→ **YOUR OBJECTIVE**: Will you extract the entries word for word? Images should not appear in the copy.

[Captioned web images]
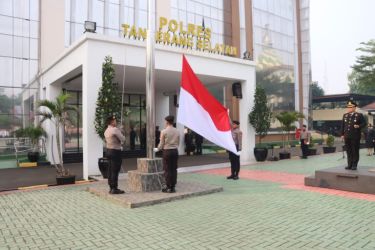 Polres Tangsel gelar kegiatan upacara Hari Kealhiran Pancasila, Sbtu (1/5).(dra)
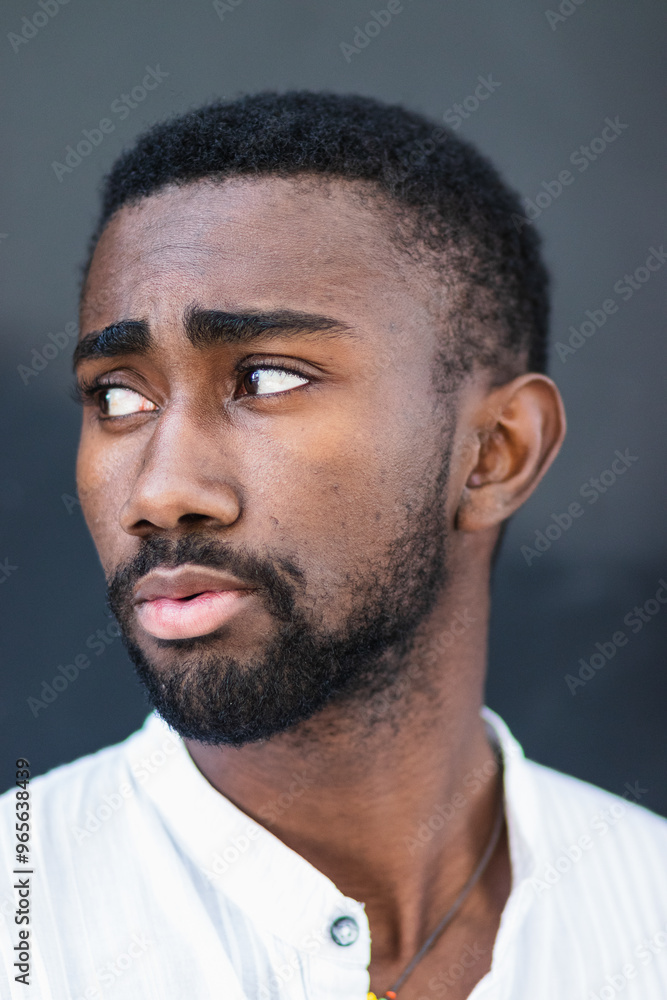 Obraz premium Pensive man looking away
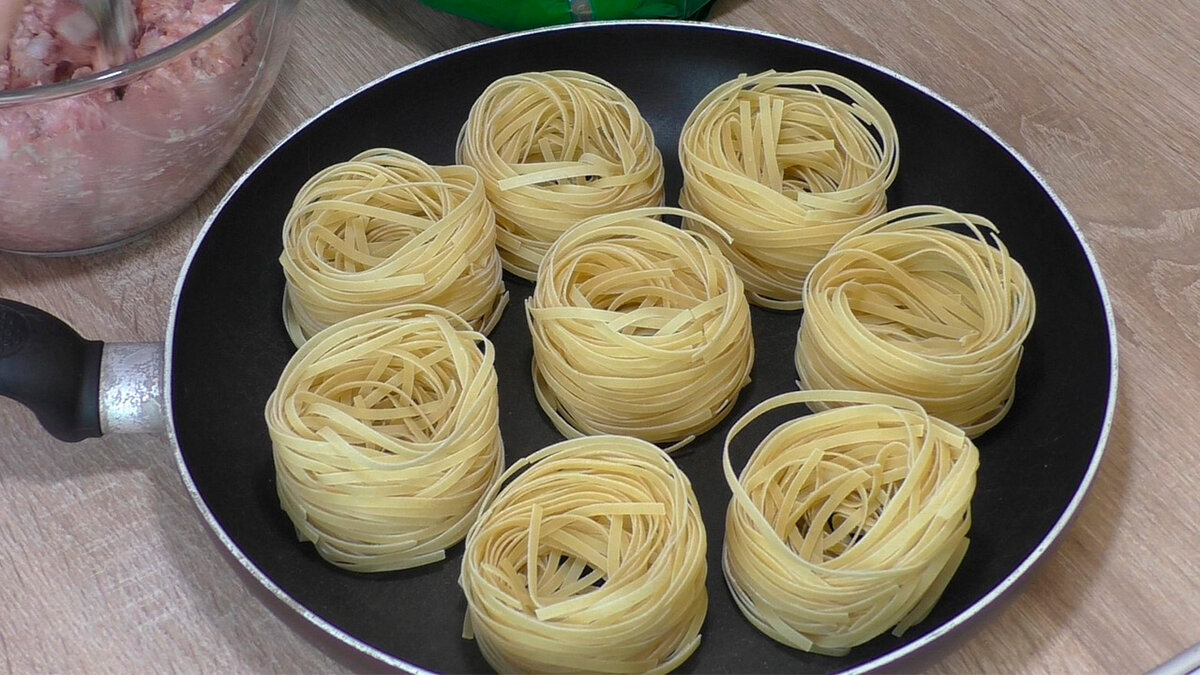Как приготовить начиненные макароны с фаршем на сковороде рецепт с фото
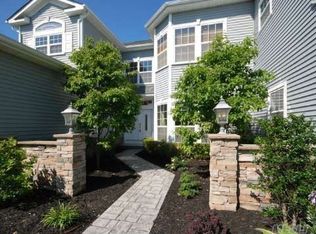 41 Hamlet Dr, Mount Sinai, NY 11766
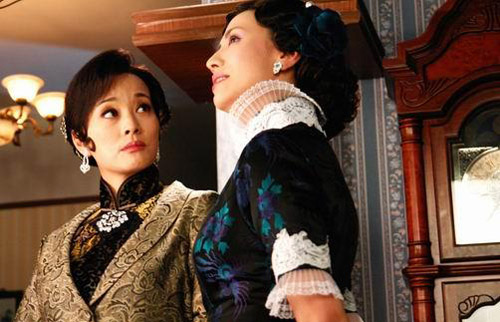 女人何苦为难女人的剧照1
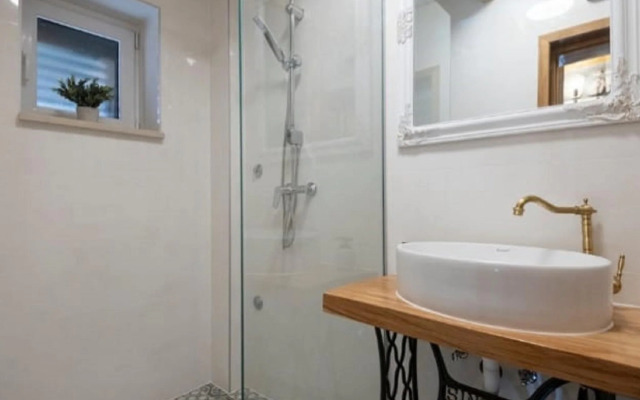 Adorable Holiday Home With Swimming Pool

→ **ANSWER SPACE**:
 Polres Tangsel gelar kegiatan upacara Hari Kealhiran Pancasila, Sbtu (1/5).(dra)
 Obraz premium Pensive man looking away
Как приготовить начиненные макароны с фаршем на сковороде рецепт с фото
 41 Hamlet Dr, Mount Sinai, NY 11766
 女人何苦为难女人的剧照1
 Adorable Holiday Home With Swimming Pool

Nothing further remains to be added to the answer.